▶

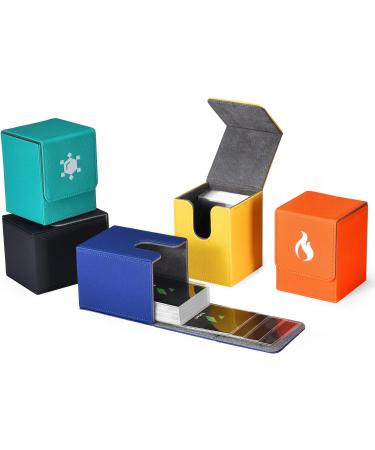Totteri Card Deck Box with 100 Card Sleeves - Electric Yellow | Pokemon Trading Card Storage Case for 100+ Sleeved Cards | PVC-Free Card Holder for MTG/TCG - Buy Online on GoSupps.com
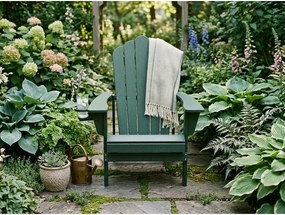 Zelené plastové záhradné kreslo Adirondack – Bonami Selection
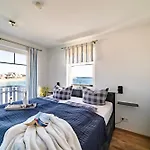 Tatil Evi Hus By Seeblick Ferien Oro, Bestlage Am Strand,sauna,kamin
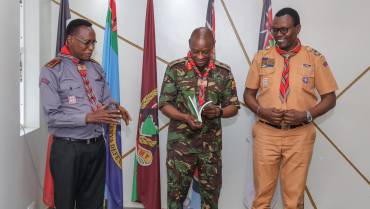 DEFENCE HEADQUARTERS HOSTS KENYA SCOUTS ASSOCIATION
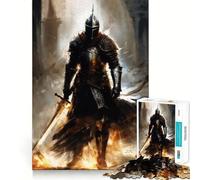 Warrior of The Darkness Jigsaw Puzzles 1000 Piece for Adults Recall Fun Play Firm Fit Secure Assembly Family Fun Night Activity (38x52cm)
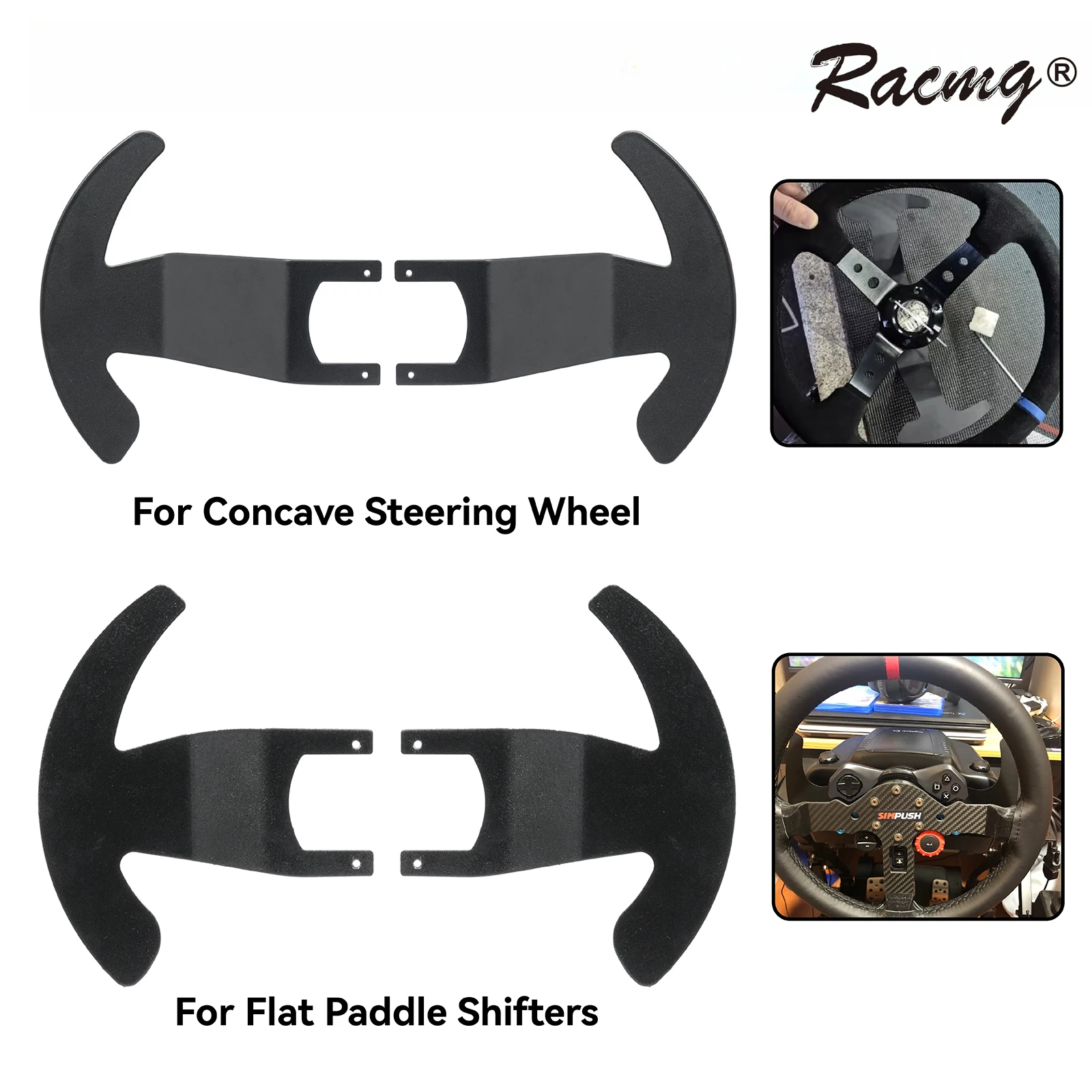 Heavy Duty Paddle Shifters for Logitech G25 G27 Wheel 13-14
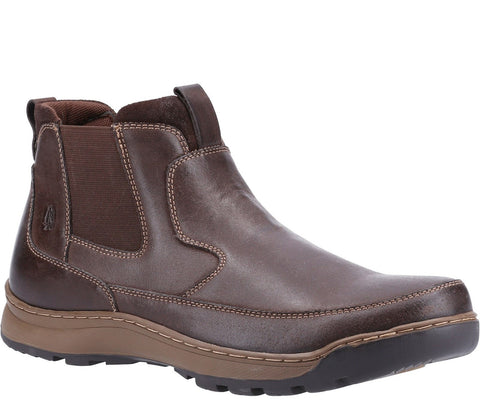 Hush Puppies Gavin Mens Chelsea Style Leather Boot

◀

Please set down every line of the data above precisely, dropping the images.

Totteri Card Deck Box with 100 Card Sleeves - Electric Yellow | Pokemon Trading Card Storage Case for 100+ Sleeved Cards | PVC-Free Card Holder for MTG/TCG - Buy Online on GoSupps.com
 Zelené plastové záhradné kreslo Adirondack – Bonami Selection
 Tatil Evi Hus By Seeblick Ferien Oro, Bestlage Am Strand,sauna,kamin
 DEFENCE HEADQUARTERS HOSTS KENYA SCOUTS ASSOCIATION
 Warrior of The Darkness Jigsaw Puzzles 1000 Piece for Adults Recall Fun Play Firm Fit Secure Assembly Family Fun Night Activity (38x52cm)
 Heavy Duty Paddle Shifters for Logitech G25 G27 Wheel 13-14
 Hush Puppies Gavin Mens Chelsea Style Leather Boot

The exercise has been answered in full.